• **What to do**
Each line of the data that includes the string "Home" is to be copied out.

• **Dataset excerpts**
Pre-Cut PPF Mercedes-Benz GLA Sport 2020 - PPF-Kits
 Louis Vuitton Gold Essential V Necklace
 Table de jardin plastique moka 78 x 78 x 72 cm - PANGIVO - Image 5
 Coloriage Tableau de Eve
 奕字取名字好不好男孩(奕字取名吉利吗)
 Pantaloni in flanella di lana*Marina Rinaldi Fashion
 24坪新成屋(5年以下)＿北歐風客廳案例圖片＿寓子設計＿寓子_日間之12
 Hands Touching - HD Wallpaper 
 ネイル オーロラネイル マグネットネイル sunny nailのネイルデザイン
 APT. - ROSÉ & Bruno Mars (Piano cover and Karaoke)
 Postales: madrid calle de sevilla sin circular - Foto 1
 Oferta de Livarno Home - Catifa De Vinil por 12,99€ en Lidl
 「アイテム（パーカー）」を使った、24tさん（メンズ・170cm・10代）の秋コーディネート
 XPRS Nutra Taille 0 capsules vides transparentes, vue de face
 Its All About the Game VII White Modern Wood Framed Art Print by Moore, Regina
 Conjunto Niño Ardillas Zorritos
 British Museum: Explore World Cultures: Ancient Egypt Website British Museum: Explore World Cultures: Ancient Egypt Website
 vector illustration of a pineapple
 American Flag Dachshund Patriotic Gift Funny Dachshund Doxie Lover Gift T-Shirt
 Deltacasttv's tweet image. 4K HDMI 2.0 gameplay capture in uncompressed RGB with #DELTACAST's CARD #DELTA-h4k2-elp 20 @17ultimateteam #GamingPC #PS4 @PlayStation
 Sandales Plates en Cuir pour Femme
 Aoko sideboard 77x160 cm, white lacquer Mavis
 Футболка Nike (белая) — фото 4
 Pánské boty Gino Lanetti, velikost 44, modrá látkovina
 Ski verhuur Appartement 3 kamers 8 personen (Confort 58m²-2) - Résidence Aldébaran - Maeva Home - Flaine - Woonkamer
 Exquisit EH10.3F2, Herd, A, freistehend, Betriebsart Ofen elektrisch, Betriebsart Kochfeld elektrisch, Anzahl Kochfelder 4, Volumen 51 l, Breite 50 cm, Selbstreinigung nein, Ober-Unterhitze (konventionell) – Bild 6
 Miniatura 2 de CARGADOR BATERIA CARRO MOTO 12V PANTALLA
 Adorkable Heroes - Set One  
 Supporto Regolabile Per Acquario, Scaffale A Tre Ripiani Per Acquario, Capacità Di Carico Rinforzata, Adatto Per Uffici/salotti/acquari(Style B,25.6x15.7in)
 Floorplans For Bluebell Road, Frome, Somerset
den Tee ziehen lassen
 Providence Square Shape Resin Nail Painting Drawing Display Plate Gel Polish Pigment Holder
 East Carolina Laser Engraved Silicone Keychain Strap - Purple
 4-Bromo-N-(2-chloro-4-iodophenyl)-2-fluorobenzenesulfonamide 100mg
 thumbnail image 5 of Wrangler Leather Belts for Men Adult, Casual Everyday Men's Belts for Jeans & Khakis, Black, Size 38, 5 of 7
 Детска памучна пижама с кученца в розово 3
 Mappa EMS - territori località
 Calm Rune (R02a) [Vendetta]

• **Written answer**
 Oferta de Livarno Home - Catifa De Vinil por 12,99€ en Lidl
 Ski verhuur Appartement 3 kamers 8 personen (Confort 58m²-2) - Résidence Aldébaran - Maeva Home - Flaine - Woonkamer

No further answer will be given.